_WORK TO BE COMPLETED_.
Give back the whole listing exactly as written, leaving out each picture.

_STORED DATA_.
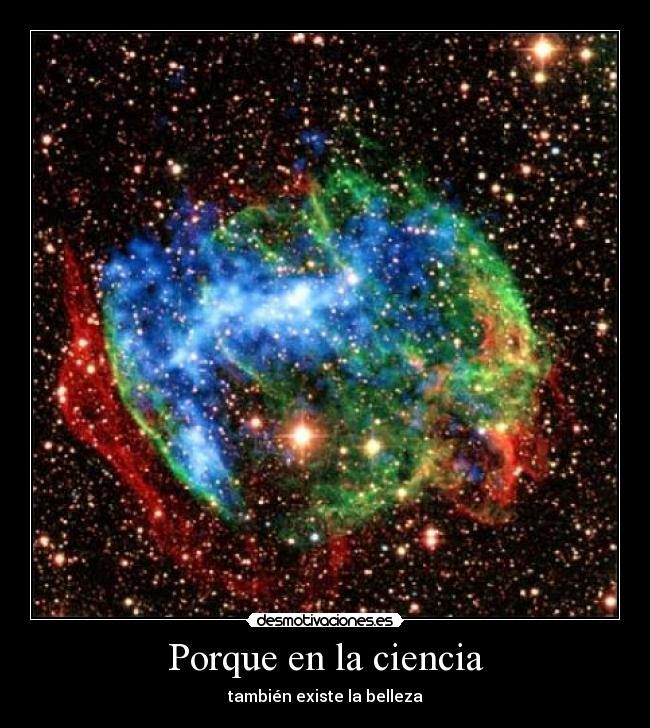 Porque en la ciencia - 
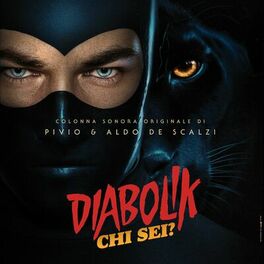 Album cover of Diabolik - Chi sei? (Colonna Sonora Originale)
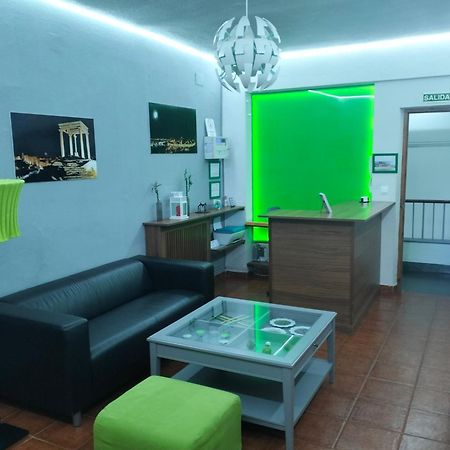 Hostal La Estacion อาบีลา ภายนอก รูปภาพ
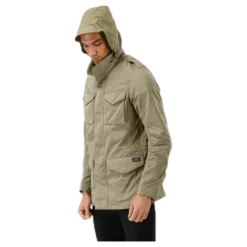 Yarra Memory Car Jacket Green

_TASK OUTPUT_.
 Porque en la ciencia - 
 Album cover of Diabolik - Chi sei? (Colonna Sonora Originale)
 Hostal La Estacion อาบีลา ภายนอก รูปภาพ
 Yarra Memory Car Jacket Green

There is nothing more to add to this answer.